▸ Supplied data
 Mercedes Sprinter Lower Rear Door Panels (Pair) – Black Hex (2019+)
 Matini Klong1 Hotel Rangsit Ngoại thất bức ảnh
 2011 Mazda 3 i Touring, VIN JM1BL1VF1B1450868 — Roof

▸ Task to complete
This task calls for the material above to be duplicated verbatim.

▸ Answer
 Mercedes Sprinter Lower Rear Door Panels (Pair) – Black Hex (2019+)
 Matini Klong1 Hotel Rangsit Ngoại thất bức ảnh
 2011 Mazda 3 i Touring, VIN JM1BL1VF1B1450868 — Roof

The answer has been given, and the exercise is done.